Delegating and nodding in agreement is not the way to get things done.
“Everyone delegates. Everyone nods agreement. Nothing changes. Sometimes this not discussing the ‘how’ is very purposively avoided. How many times have you heard in a crisis, ‘I don’t want to know how you get it done, that’s your problem. Just do it.’ If management is to improve their organization, they must change the process. This means that they cannot accept conference room promises, but must work directly with their people on the process, the how and the why. During this period of transition, everyone must be willing to learn. There is no room for fear of learning. No one is too senior to be involved in the how.” This quote comes from “The Deming Route to Quality and Productivity – Road Maps and Roadblocks” p. 139 by William W. Scherkenbach.
So when is the last time you thought about Advanced Product Quality Planning and Control Plan (APQP) in regard to quality records? Going hand in hand with APQP is the requirement for TS16949 certification. TS16949 has evolved over the years to have all the best practices and lessons learned pertaining to quality management systems. Thus, to have effective APQP, there should be quality records. Section 4.2.4 of TS16949 is about control of records. This section states that:
“Records established to provide evidence of conformity to requirements and of the effective operation of the quality management system shall be controlled.
The organization shall establish a documented procedure to define the controls needed for the identification, storage, protection, retrieval, retention and disposition of records.
Records shall remain legible, readily identifiable and retrievable.”
During the past two decades, from 1993 to the present, computer technology has done amazing things since the first APQP document was published. The amount of data that is generated and collected is monstrous. How would your records meet the requirements?
In auditor talk, quality records are really the evidence that APQP has been executed. APQP states “Product quality planning is a structured method of defining and establishing the steps necessary to assure that a product satisfies the customer.” So, what are the records of your product quality planning?
APQP has sections on:
- Plan and Define Program
- Product Design and Development
- Process Design and Development
- Product and Process Validation
- Feedback, Assessment and Corrective Action
- Control Plan Methodology
So APQP covers your product planning; all your product engineering processes and manufacturing engineering processes; the validation of the product design and also the validation of how the design gets manufactured; how you detect and fix problems during these processes; and the issues and corrective actions that happen during these processes.
Examples of quality records are: program definition and requirement documents, product change requests, bill of material lists, product prints (both 2-D and 3-D), validation and verification test results, design review documents, virtual analysis reports, some types of meeting minute, run at rate results, PFMEAs, DFMEAs and documentation of issues and corrective actions.
So where do you start?
To understand the “how” of your processes, one needs to find the quality records of your processes. Look at a particular record of one of your APQP processes. How is this record generated and used? Can you find all your records? Can a new employee understand where to find them easily? Is there only one place to store a particular type of record? Or do some departments store similar types of records in different types of databases? How do you know you have the latest record for a particular item?
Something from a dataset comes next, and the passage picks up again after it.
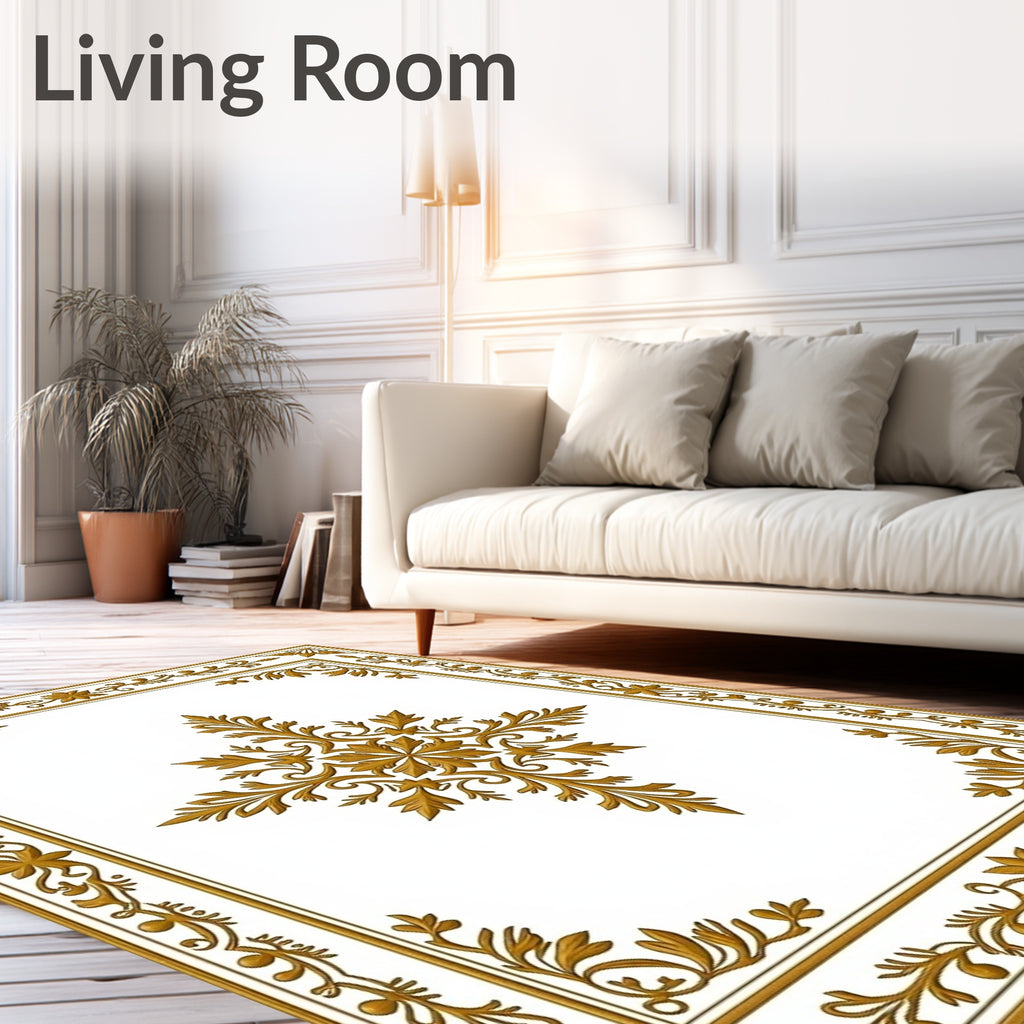 Ornate Gold Swirl Floral Border Rug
Walk the virtual process of the quality record from a finished one backwards.
In the book “Learning to See: Value-Stream Mapping to Create Value and Eliminate Muda” (p. 14), Mike Rother and John Shook state, “Always collect current-state information while walking along the actual pathways of material and information flows yourself….Begin at the shipping end and work upstream, instead of starting at the receiving dock and walking downstream. This way you will begin with the processes that are linked most directly to the customer, which should set the pace for other processes further upstream.”
Start at the end of the process you pick by looking at a quality record and look at how it was created and used in a particular process.
Does each area of the company understand what their quality records are? Where are they located? What processes generate them? Are they only retained in one area? Is a record kept in multiple areas? On everyone’s individual hard drive? On special drives that one needs a special decoder or the right person in order to get access?
Many companies create what is called a quality record matrix that is an Excel type list that catalogs for each record its identification, storage, protection, retrieval, retention and disposition of records. These record matrixes may be subdivided by departments. Often different departments within a functional area have the same type of records, just different types of products or services. Keep the definition at a high enough level that you can see how different areas use the same processes just for different commodities, services or product lines. It will help to simplify your processes and also identify your main “virtual” processes.
Understand the quality records of your company. Understand how they are generated and by what processes. Look at actual records. As Deming would say, “You can expect what you inspect.”
So you need to look at the content of your records and the integrity of what they contain and say in order to build robustness into your processes. The concepts of quality management systems standards such as TS16969 are tried and true learnings. It’s very similar to athletes doing push-ups and sit-ups. It’s core work, and nobody really likes to do them. It’s painful if you don’t do these types of strength building exercises for your organization. If you don’t, your overall performance suffers, you’re not as good as you could be, and you put yourself at risk for catastrophic injuries.